In [None]:
import pandas as pd

In [None]:
train = pd.read_csv("train.csv", index_col=0)
card = pd.read_csv("card.csv")
test = pd.read_csv("test.csv", index_col=0)
user = pd.read_csv("user.csv")

In [None]:
train

In [None]:
card

In [None]:
test

In [None]:
user

In [None]:
# 'user_id' と 'card_id' を文字列に変換して連結
train['unique_id'] = train['user_id'].astype(str) + '_' + train['card_id'].astype(str)
test['unique_id'] = test['user_id'].astype(str) + '_' + test['card_id'].astype(str)
card['unique_id'] = card['user_id'].astype(str) + '_' + card['card_id'].astype(str)

# 混同しないように一旦列を削除
train = train.drop(['user_id', 'card_id'], axis=1)
test = test.drop(['user_id', 'card_id'], axis=1)
card = card.drop(['user_id', 'card_id'], axis=1)

# 分割できるようにフラグ列を作成
train['is_train'] = 1
test['is_train'] = 0

In [None]:
# trainとtestを結合
train_test = pd.concat([train, test])

# cardデータフレームとマージ
merged_with_card = pd.merge(train_test, card, on='unique_id', how='left')

In [None]:
merged_with_card

In [None]:
# 'unique_id'から'user_id'を抽出
merged_with_card['user_id'] = merged_with_card['unique_id'].apply(lambda x: int(x.split('_')[0]))

# userデータフレームとマージ
final_merged = pd.merge(merged_with_card, user, on='user_id', how='left')

In [None]:
final_merged

In [None]:
final_merged.info()

In [None]:
final_merged['year_pin_last_changed']

In [None]:
# merchant_cityとmerchant_stateに基づいて最も頻繁に出現するzipコードを取得
merchant_zip_map = final_merged.dropna(subset=['zip']).groupby(['merchant_city', 'merchant_state'])['zip'].agg(lambda x: x.mode()[0] if not x.mode().empty else None).to_dict()
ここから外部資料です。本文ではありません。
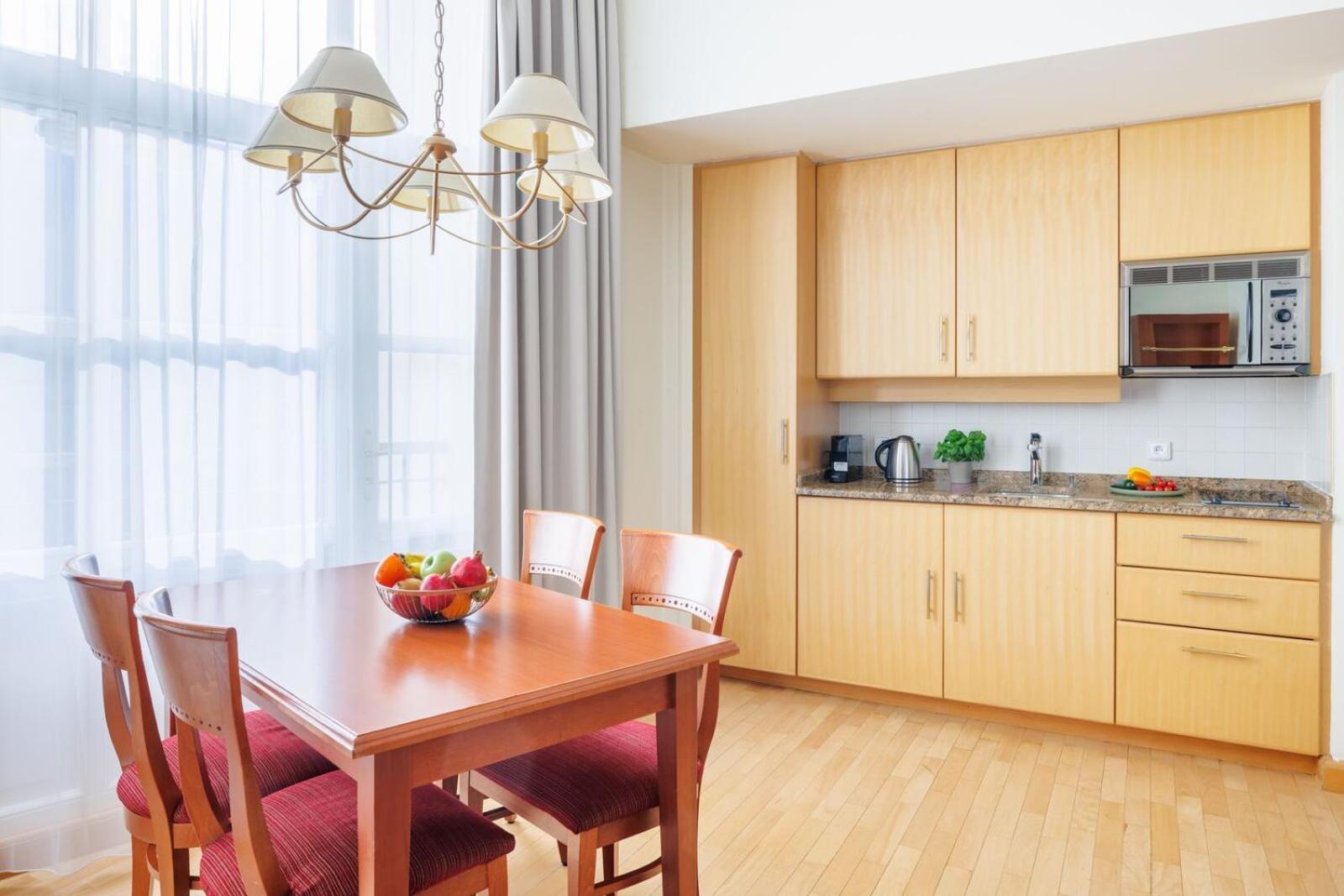 ฮาปิมัก รีสอร์ต ปร้าก Aparthotel ปราก ห้อง รูปภาพ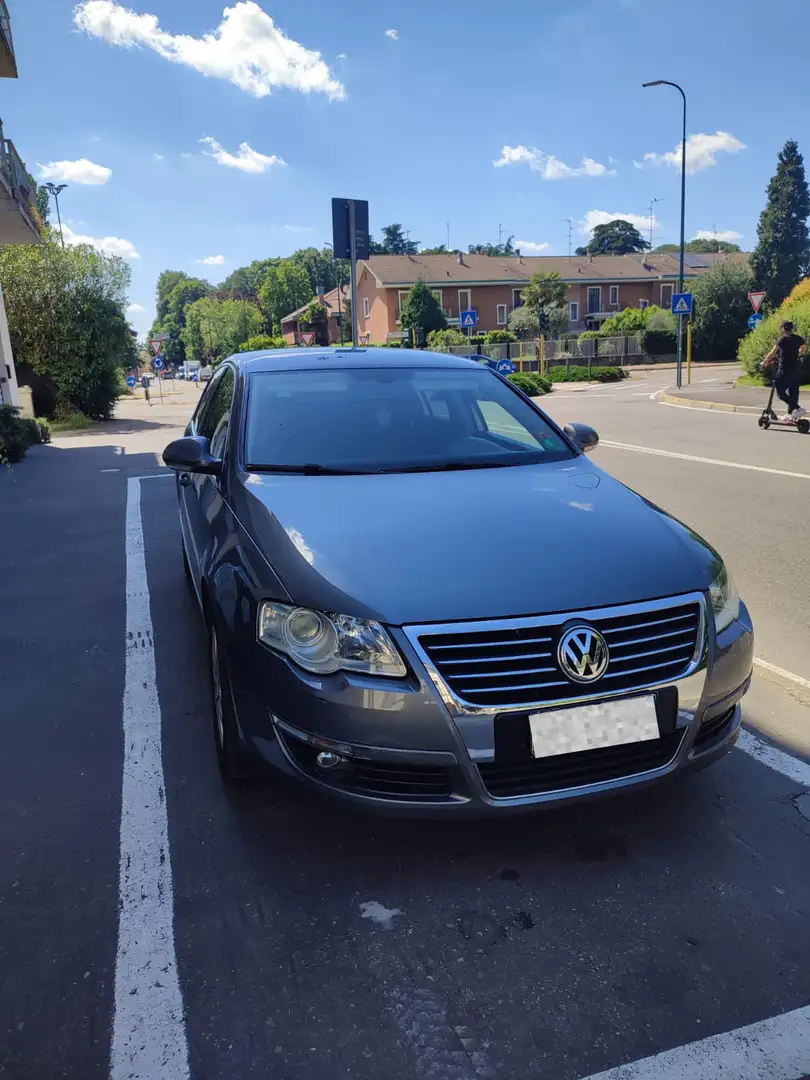 Volkswagen Passat 2.0 TDI 170 cv - 1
# cityとstateに基づいて最も頻繁に出現するzipcodeを取得
user_zip_map = final_merged.dropna(subset=['zipcode']).groupby(['city', 'state'])['zipcode'].agg(lambda x: x.mode()[0] if not x.mode().empty else None).to_dict()

# 欠損値を埋める関数
def fill_missing_zip(row):
    if pd.isna(row['zip']):
        # "ONLINE"という特殊なケースを処理
        if row['merchant_city'] == 'ONLINE' and pd.isna(row['merchant_state']):
            return row['zip']
        merchant_zip = merchant_zip_map.get((row['merchant_city'], row['merchant_state']))
        user_zip = user_zip_map.get((row['city'], row['state']))
        return merchant_zip if merchant_zip is not None else (user_zip if user_zip is not None else None)
    return row['zip']

# apply関数を用いてzip列の欠損値を埋める
final_merged['zip'] = final_merged.apply(fill_missing_zip, axis=1)


In [None]:
final_merged.info()

In [None]:
import time

# キャッシュ用の辞書
lat_lng_cache = {}

def get_lat_lng(zip_code):
    # キャッシュ内に結果があるか確認
    if zip_code in lat_lng_cache:
        return lat_lng_cache[zip_code]

    try:
        geocode_result = gmaps.geocode('{}, USA'.format(zip_code))
        lat = geocode_result[0]["geometry"]["location"]["lat"]
        lng = geocode_result[0]["geometry"]["location"]["lng"]
        lat_lng_cache[zip_code] = (lat, lng)
        return lat, lng
    except Exception as e:
        print(f"An error occurred: {e}")
        return None, None

# 進捗確認用
total_rows = len(final_merged)
progress_step = total_rows // 10

# DataFrameに新しい列として緯度と経度を追加
for i, row in enumerate(final_merged.itertuples()):
    if i % progress_step == 0:
        print(f"Progress: {i}/{total_rows}")

    zip_code = row.zip
    final_merged.at[row.Index, 'shop_lat'], final_merged.at[row.Index, 'shop_lng'] = get_lat_lng(zip_code)
    time.sleep(0.1)  # APIのレート制限に対応するための遅延